Tous les groupes armés sans exception (ex‐Séléka ou anti‐Séléka) doivent être désarmés, tout en veillant à empêcher les populations de s’adonner à des actes de vengeance les unes contre les autres.

De même, le contingent tchadien doit être rappelé à l’ordre et mis en garde contre tout agissement contraire aux règles d’engagement de la Micopax.

Dans tous les cas, l’emploi de ce contingent dans les opérations de sécurisation mérite une attention toute particulière afin d’éviter de discréditer la Micopax et la Misca – la nouvelle force africaine qui doit lui succéder.

Enfin, le transfert d’autorité de la Micopax à la Misca prévu pour le 19 décembre 2013 devra absolument être effectif, la période transitoire actuelle rendant particulièrement vulnérables les populations.

L’Europe de son côté, ne s’est pas précipitée pour donner un coup de main, et encore une fois la France est partie seule, comme au Mali.

Le 17 décembre, Laurent Fabius, ministre des Affaires étrangères, a enfin annoncé qu’il avait bon espoir que certains pays européens envoient des troupes au sol.

L’Europe finance déjà la Misca, mais elle aurait aussi intérêt à prendre sa part dans l’effort militaire français. Elle y a intérêt notamment  pour éviter des futurs Lampedusa.

La stabilisation de l’Afrique serait profitable pour le monde entier.

D’autant plus qu’à travers le cas précis de la Centrafrique, de nombreux problèmes actuels du continent s’expriment.

Il y a d’abord le problème, sur lequel on ne peut continuer de jeter un voile pudique, de la progression systématique de l’islamisme depuis 10 ans dans toute la région.

Et il s’agit d’un islam conquérant soutenu par l’Arabie saoudite, le Qatar, tous les pays sunnites en général, à l’œuvre au Mali, au Nigéria, au Soudan et même au Tchad.

En face, des populations chrétiennes ou animistes qui attendent un secours du reste du monde.
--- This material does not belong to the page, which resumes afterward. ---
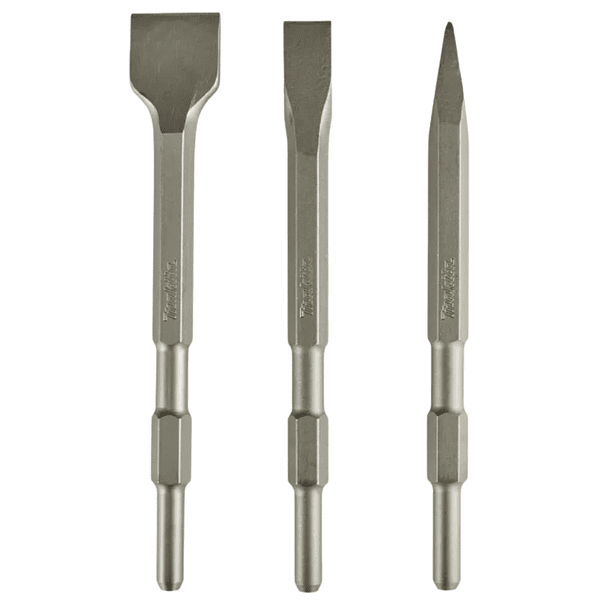 Juego de cinceles 3 piezas hexagonales 17mm Makita D-71320 1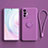 Coque Ultra Fine Silicone Souple Housse Etui avec Support Bague Anneau Aimante Magnetique S03 pour Vivo X70t Violet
Il y a encore l’éternel problème des frontières : le seul mot Centrafrique ne signifie‐t‐il que nous ne sommes pas face à un véritable pays ?

La question des identités est de plus en plus prégnante dans un continent dont les habitants ne se reconnaissent réellement que dans leurs tribus ou leurs ethnies.

Il faut se demander quand la communauté internationale osera enfin prendre le taureau par les cornes, et aider l’Afrique à inventer un autre type de démocratie, taillé sur sa mesure à elle.

Enfin, la Centrafrique a été manifestement victime de pillage de ses ressources depuis des années par des prédateurs étrangers, Etats ou grands groupes internationaux, dans les domaines du diamant, du pétrole ou de l’uranium.

Ses élites corrompues, dont François Bozizé comme Michel Djotodia sont de parfaits exemples, doivent être enfin remplacées par des gouvernants véritables, soucieux du bien commun.

On susurre aujourd’hui le nom de Martin Ziguélé, ancien Premier ministre d’Ange‐Félix Patassé, comme possible candidat lors des élections qui devraient être organisées rapidement.

Il jouit d’une réputation d’humaniste au fait des questions nationales et internationales qui plaide en sa faveur.

Il n’est que temps que la Centrafrique se découvre de vraies élites pour la gouverner, quelque forme qu’elle  prenne dans les années qui viennent.